Logos von UBS und Credit Suisse: Der Flächenbrand ist abgewendet – und nun?
Foto: DENIS BALIBOUSE / REUTERSMein Problem ist, dass ich mich weder mit Finanzen im Allgemeinen noch mit Banken im Besonderen gut auskenne. Ich würde mich da als gut informierten Zeitungsleser einstufen. Das reicht natürlich nicht, um einzuschätzen, ob wir es hier mit der nächsten Großkrise zu tun haben oder eher entspannt bleiben können. Deshalb habe ich jemanden gefragt, der sich auskennt: meinen Kollegen Christian Reiermann.
Christian hat schon über die letzte Weltfinanzkrise geschrieben und über sämtliche Finanzminister seit Theo Waigel. Außerdem ist er ein kluger, belesener Kollege (was er gern hinter einem etwas derben Ruhrgebietshumor verbirgt, in meinem Telefon bewahre ich eine Liste seiner Aussprüche auf, die allerdings nicht hierhergehören). Also, was meint er?

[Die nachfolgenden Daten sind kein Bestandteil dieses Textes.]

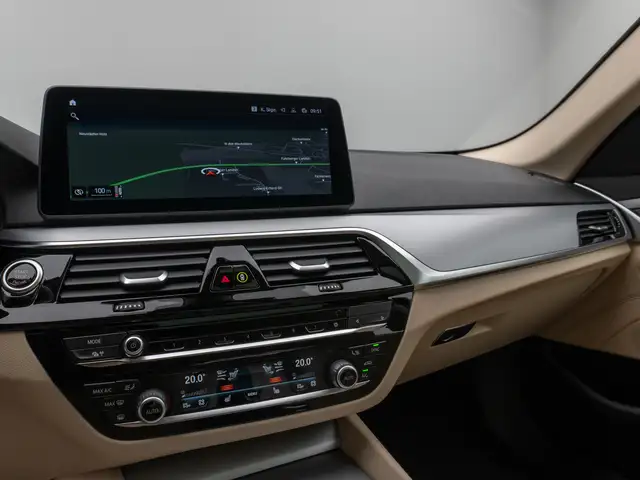 BMW 5 Series view 21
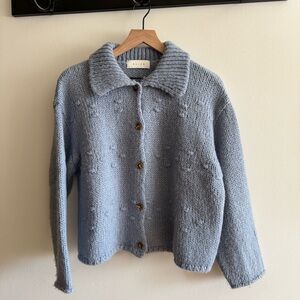 Olive Clothing Blue Collar Sweater/Cardigan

»Mit der Übernahme der Credit Suisse durch die UBS ist zwar die Gefahr eines Flächenbrands fürs Erste gebannt – aber damit ist längst noch nicht entschieden, ob die Krise gebannt ist«, schreibt mir Christian. »Denn das Misstrauen in den Märkten wächst, was daran abzulesen ist, dass Investoren massenhaft Bankaktien abstoßen, was flächendeckend zu Kursverlusten führt.«
Woran liegt das?
»Schuld daran sind nicht zuletzt die Konditionen des Credit-Suisse-Deals«, schreibt Christian. »Sie bestimmen, dass Investoren leer ausgehen, die Bankanleihen gekauft haben, die im Krisenfall in Eigenkapital umgewandelt werden. Diese Papiere waren eine Konsequenz aus der Finanzkrise und sollten helfen, künftig angeschlagene Institute zu stabilisieren. Jetzt werden sie womöglich zum Brandbeschleuniger, wenn Investoren bei anderen Banken aus Angst vor dem Totalverlust ihre Anleihen loswerden wollen.«
Klingt nicht so richtig gut, finde ich. Und die Conclusio des Kollegen macht mich nicht zuversichtlicher: »Auch für die Schweiz ist das Bankenproblem alles andere als gelöst. Die Schweizer Bundesregierung sieht sich nun einem neuen Koloss gegenüber, dessen Pleite sie sich noch weniger leisten kann. Muss der Staat erneut einspringen, wird die Rettung noch viel teurer.«
Wenn ich Christian richtig verstehe, ist er trotzdem noch nicht ernsthaft beunruhigt. Ich verlasse mich da auf ihn. Der Mann verfügt nicht nur über ökonomische Expertise, sondern trinkt für sein Leben gern Stauder Pils. Das spricht für sein Urteilsvermögen.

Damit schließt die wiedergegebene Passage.